All-time series record: Tied, 1–1
First meeting: 2001–02 season
Last meeting: 2013–14 season
Current streak: UC won last meeting
Record in West Lafayette: N/A
Streak in West Lafayette: N/A
These two teams met for the first time in 2001, despite co-existing as programs since 1887. Considering just 181 miles separate Nippert and Ross-Ade, you’d think the two teams would’ve found time to play in those first 114 years.
To set the scene in 2001, the Bearcats were coming off a 7–5 campaign in 2000 that ended with a crippling loss to Marshall in the Motor City Bowl. They opened the 2001 season on September 2nd against Purdue. (The next week’s game was against––of all teams––Army, in New York just three days before 9/11.) Fans packed Nippert hoping to see a win against a Big Ten team. A sellout crowd of 35,097 was the largest in stadium history.
The fans got a treat. The teams traded long touchdown drives on their first possessions to knot the score at 7–7 after the first quarter. In the second quarter, the UC defense bent but didn’t break, allowing field goals of 25 and 39 yards to enter the half trailing 13–7.
Purdue increased its lead with a 16-yard touchdown run by Joey Harris in the third quarter, but a failed two-point conversion left the score 19–7. The Bearcats answered back with a 17-yard touchdown pass to LaDaris Vann, his second of the game, to bring the score within five headed to the fourth.
On the last play of the game, a pass intended for Tye Keith is intercepted in the end zone, sealing the Purdue victory on 9/2/01. (AP photo)
Late in the fourth quarter, looking to take the lead and spring the upset, the Bearcats beat themselves. “In the most crucial play of perhaps the biggest football game in the school’s history,” wrote Bill Koch in the Enquirer, “The Bearcats grappled with the most basic element of the game — placing the proper number of players on the field.” Following a timeout, the Bearcats sent 10 men onto the field. The 11th, running back Ray Jackson, wasn’t able to scamper onto the field and get set in time, spurring an illegal shift penalty that negated a long fourth down conversion that would’ve put the Bearcats on the Purdue six yard line.

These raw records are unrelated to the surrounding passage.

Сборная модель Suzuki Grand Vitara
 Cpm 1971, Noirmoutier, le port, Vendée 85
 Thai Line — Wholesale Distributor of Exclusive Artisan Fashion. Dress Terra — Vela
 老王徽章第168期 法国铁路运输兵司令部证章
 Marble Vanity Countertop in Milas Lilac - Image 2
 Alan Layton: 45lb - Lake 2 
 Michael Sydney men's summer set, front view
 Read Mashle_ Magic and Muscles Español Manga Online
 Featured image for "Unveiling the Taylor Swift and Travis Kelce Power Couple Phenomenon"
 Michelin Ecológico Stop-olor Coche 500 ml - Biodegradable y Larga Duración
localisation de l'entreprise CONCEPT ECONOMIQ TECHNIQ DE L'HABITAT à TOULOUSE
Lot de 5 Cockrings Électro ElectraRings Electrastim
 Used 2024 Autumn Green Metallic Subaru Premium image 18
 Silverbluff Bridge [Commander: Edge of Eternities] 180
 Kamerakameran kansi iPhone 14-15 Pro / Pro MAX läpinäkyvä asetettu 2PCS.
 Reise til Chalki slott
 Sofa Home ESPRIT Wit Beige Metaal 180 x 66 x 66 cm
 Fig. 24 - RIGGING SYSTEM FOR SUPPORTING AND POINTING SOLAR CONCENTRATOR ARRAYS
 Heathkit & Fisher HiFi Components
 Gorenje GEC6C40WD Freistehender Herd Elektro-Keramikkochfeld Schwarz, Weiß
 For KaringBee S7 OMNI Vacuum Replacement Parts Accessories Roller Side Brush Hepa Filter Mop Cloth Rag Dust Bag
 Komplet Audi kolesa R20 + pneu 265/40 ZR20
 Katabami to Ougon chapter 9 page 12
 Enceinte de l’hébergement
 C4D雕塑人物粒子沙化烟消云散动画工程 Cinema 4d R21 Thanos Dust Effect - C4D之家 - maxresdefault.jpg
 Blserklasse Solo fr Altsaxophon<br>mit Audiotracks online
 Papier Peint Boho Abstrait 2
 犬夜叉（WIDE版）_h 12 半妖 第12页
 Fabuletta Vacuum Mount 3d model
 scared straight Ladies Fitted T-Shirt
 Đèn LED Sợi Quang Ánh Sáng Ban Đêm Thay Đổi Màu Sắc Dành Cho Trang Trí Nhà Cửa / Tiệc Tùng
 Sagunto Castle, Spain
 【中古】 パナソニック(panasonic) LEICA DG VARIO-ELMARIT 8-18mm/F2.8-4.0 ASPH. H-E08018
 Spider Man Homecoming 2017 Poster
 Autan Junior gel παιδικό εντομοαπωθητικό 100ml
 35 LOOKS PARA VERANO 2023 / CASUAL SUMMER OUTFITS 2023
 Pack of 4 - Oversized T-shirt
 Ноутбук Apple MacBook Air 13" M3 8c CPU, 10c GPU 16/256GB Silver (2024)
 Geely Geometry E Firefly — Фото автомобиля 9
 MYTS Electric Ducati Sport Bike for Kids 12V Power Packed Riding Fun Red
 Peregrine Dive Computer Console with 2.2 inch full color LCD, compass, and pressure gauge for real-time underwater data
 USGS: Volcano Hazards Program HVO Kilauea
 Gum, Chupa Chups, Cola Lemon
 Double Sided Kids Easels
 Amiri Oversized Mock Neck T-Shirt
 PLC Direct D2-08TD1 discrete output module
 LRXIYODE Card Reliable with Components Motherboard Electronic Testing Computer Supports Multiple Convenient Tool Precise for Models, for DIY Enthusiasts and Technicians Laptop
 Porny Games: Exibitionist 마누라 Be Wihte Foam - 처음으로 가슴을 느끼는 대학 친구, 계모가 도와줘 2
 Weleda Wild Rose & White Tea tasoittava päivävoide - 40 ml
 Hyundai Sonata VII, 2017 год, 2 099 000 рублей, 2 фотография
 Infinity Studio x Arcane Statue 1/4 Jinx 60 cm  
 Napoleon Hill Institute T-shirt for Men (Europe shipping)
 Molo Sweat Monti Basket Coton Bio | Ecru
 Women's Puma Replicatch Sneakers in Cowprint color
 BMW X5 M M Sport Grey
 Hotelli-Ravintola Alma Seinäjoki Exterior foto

“It was a blunder,” head coach Rick Minter said after the game. “It really was.” Uhhh, yeah.
The Bearcats would get another shot at the upset on the game’s final play, but an Adam Hoover pass was picked off in the end zone and Purdue escaped with a 19–14 victory.
The teams would meet again in 2013. Again it was a season opener in Cincinnati, and again it was a sellout crowd. 36,007 fans––a new stadium record––packed Nippert Stadium on August 31st to see the first game of the Tommy Tuberville era.
They were not disappointed this time.
Freshman Tion Green finds the end zone in the fourth quarter of a game on 8/31/13. (Lisa Ventre/UC)
After a scoreless first quarter, QB Munchie Legaux found the end zone on a 10-yard scamper to give the Bearcats the lead. Purdue would equalize with 3:26 remaining in the half, but the Bearcats slammed on the gas, finishing the game on a 35–0 run for a 42–7 victory over the Boilermakers.
Scoring touchdowns were TE Blake Annen, RB Ralph David Abernathy IV, DB Adrian Witty, RB Hosey Williams, and RB Tion Green. Green notched his second career TD in that game, and faces Purdue on Saturday as a senior looking for number 18.
Saturday’s contest determines who takes the lead in this brief three-game series. Maybe Tuberville and crew can recapture 2013’s magic and lay a beating on the Boilermakers. I think the team, and the fan base, needs it. In 2001, the Bearcats followed a disappointing bowl game with a heartbreaking loss to Purdue. Last season’s Hawaii Bowl was a disaster. I’m not sure any of us can handle a tragedy in West Lafayette.
UC’s last loss to an FCS team, vs Troy State on 9/11/99, in front of 16,091 fans. [Ernest Coleman/Enquirer]
Never whine after a win. It can always be worse.
Here’s the thing: I understand that Thursday’s 28–7 win over FCS UT-Martin wasn't ideal. I understand that a weeknight game against an FCS team with the Bengals playing down the road meant attendance was the worst it’s been in a few years. I understand that the Bearcats allowed a long touchdown drive to start the game and looked sluggish through the first half, heading back to the locker room trailing 7–6. I understand they didn’t exactly slam the door in the second half, scoring 22 unanswered points but allowing many doubts to linger. I understand.
That said, watching (some) Bearcats fans melt down on Twitter Saturday afternoon as Houston (a very good team) blew the doors off of Oklahoma (another very good team) was frustrating. Houston has not beaten the Bearcats in 2016. Houston has not accepted a Big 12 invitation, leaving UC in the dust. Houston got a great win, we should be really jealous, and we should be itching to play a Top 10 team at Nippert Stadium in two weeks.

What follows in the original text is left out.